By DEREK P. GILBERT
May 6, 2008
ON APRIL 3, 2008, the state of Texas committed one of the most egregious acts of kidnapping in modern history.
Acting on an anonymous tip, 463 children at the Yearning for Zion Ranch near Eldorado, Texas were taken from their homes by Texas officers — armed for a Waco-style confrontation — and placed in the custody of foster parents. The Texas Department of Family Services claims girls and young women at the ranch, the home of a fundamentalist Mormon sect which believes in the polygamous practices of the Old Testament, lived in an “environment that left girls at risk of sexual abuse and raised boys to become sexual perpetrators.”
And this makes the FLDS different from the rest of America how?
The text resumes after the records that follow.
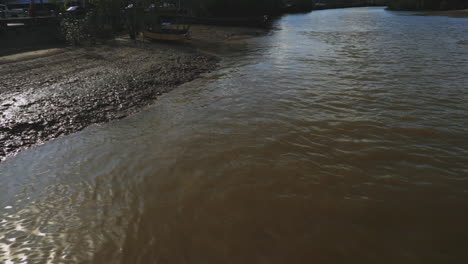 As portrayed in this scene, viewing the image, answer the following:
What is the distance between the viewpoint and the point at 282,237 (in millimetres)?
3580

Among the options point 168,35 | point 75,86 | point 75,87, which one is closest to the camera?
point 75,87

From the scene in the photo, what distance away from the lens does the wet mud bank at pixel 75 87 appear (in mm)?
7223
If the state of Texas really cared about the welfare of teen and young adult women, the apparent honor killings near Dallas in January should have prompted raids on mosques all across the state. That didn’t happen, and it won’t. Muslims have wealthy and powerful supporters, like the Saudi royal family. All that oil money buys a lot of PR and official cooperation.
Members of the FLDS Church, on the other hand, appear to be just getting by, and in our modern, post-Sex In The City culture, you don’t find many people, especially politicians, willing to stand up for subservient women in polygamous relationships.
Which makes the April 3 raid a convenient test case for government.